• Work required
Each line from the start of the data below through the one containing "Dùng Azacné có giúp giảm mụn đỏ, ngứa rát?" must be reproduced exactly.

• Records provided
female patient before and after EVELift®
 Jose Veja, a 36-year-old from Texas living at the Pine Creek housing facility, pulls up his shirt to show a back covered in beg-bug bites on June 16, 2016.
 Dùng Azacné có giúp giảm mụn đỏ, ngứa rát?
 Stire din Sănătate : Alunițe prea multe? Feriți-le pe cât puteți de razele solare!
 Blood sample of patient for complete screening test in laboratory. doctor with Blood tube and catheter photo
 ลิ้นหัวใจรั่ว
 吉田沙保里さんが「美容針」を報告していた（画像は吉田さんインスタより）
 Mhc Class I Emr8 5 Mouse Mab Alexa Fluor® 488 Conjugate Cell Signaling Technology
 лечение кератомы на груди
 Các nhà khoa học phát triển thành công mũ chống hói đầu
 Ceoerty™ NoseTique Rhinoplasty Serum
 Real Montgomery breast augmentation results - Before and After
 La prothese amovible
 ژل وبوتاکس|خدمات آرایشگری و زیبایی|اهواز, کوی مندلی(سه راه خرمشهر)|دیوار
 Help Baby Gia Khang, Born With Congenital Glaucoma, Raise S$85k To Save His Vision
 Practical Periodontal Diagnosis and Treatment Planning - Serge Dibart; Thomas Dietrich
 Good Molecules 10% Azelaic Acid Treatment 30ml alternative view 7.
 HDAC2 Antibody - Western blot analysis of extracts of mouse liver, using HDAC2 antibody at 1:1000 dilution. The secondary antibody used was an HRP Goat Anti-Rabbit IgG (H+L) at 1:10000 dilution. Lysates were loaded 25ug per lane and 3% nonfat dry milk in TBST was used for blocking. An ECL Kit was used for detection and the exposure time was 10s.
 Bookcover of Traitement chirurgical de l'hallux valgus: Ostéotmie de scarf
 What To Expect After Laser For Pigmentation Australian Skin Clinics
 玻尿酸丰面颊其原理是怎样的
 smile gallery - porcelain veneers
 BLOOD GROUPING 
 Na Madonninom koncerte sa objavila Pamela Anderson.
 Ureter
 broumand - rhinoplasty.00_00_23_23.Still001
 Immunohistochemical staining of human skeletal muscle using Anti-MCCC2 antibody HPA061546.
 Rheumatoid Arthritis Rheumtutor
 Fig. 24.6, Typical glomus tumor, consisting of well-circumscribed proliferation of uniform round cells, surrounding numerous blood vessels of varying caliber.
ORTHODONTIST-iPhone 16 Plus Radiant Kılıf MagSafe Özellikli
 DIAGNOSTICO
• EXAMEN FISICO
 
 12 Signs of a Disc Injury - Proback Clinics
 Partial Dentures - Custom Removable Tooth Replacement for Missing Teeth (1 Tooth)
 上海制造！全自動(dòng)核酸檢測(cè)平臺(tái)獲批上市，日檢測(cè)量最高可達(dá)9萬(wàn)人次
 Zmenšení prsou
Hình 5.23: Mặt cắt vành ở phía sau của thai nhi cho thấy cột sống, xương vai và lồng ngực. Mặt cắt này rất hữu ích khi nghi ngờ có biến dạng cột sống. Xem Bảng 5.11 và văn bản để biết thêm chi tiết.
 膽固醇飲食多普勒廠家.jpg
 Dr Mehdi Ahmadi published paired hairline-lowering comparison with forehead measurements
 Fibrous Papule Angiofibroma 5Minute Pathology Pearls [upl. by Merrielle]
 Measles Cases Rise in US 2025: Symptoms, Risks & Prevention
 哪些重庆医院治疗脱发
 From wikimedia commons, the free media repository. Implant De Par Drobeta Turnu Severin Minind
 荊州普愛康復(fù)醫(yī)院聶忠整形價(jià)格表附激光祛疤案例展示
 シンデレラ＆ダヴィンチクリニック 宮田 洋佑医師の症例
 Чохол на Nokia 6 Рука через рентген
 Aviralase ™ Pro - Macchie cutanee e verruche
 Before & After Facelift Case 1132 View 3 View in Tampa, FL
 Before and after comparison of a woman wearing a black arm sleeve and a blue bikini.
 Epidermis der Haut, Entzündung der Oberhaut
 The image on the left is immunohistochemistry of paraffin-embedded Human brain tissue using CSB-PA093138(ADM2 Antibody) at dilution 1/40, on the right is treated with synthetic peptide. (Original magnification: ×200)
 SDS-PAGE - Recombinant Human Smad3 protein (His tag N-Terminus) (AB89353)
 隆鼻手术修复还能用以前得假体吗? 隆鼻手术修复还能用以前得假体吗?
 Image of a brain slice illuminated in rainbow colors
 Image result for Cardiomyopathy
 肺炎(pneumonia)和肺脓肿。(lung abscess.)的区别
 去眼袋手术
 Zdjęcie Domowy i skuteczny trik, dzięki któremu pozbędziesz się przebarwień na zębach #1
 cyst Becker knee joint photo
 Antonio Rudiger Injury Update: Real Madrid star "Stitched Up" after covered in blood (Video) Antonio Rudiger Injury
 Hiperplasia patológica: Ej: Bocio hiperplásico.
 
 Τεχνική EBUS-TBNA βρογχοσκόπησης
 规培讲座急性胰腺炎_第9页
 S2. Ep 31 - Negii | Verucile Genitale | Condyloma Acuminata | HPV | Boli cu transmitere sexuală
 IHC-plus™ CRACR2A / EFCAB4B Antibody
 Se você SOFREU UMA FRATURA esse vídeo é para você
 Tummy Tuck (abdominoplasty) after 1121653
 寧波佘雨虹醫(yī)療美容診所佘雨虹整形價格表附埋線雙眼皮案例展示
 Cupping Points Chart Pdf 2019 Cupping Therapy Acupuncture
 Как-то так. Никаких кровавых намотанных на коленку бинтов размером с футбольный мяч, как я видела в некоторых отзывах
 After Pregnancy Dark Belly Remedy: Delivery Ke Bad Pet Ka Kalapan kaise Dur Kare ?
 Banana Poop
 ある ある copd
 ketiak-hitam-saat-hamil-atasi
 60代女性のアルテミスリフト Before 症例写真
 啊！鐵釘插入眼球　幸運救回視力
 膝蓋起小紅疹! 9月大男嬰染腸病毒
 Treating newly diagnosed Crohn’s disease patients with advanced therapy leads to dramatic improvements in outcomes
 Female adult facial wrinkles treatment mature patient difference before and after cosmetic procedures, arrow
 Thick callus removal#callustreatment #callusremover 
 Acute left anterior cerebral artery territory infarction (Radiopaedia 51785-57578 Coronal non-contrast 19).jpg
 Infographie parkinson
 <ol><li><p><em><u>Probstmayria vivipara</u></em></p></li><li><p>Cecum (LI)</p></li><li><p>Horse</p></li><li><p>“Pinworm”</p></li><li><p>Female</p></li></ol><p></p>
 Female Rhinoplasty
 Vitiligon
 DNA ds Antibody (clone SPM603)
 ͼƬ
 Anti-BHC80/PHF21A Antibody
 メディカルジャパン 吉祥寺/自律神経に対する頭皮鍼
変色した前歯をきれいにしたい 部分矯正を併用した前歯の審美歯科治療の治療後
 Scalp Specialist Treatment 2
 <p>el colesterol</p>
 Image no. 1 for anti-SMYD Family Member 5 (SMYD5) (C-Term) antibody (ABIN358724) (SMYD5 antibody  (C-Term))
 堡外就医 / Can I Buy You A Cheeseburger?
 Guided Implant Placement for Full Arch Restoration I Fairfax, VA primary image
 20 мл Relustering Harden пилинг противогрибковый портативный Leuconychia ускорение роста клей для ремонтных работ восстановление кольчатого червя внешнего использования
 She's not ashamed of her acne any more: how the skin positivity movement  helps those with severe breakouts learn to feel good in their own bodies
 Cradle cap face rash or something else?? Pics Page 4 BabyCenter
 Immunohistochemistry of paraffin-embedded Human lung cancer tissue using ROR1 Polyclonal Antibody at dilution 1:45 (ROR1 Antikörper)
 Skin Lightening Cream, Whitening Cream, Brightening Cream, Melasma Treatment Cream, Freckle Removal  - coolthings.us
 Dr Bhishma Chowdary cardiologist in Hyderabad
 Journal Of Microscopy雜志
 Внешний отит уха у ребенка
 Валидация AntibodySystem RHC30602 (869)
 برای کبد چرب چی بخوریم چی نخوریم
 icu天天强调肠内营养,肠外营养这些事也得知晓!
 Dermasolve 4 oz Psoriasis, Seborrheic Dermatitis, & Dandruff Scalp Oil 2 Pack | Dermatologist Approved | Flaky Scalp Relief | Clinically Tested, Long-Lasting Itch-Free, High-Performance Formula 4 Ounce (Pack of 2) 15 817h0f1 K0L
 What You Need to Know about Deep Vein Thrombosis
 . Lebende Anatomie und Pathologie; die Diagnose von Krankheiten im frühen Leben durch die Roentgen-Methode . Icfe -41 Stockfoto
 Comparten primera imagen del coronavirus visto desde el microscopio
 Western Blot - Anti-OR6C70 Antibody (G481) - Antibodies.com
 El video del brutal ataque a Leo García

• Response to this exercise
female patient before and after EVELift®
 Jose Veja, a 36-year-old from Texas living at the Pine Creek housing facility, pulls up his shirt to show a back covered in beg-bug bites on June 16, 2016.
 Dùng Azacné có giúp giảm mụn đỏ, ngứa rát?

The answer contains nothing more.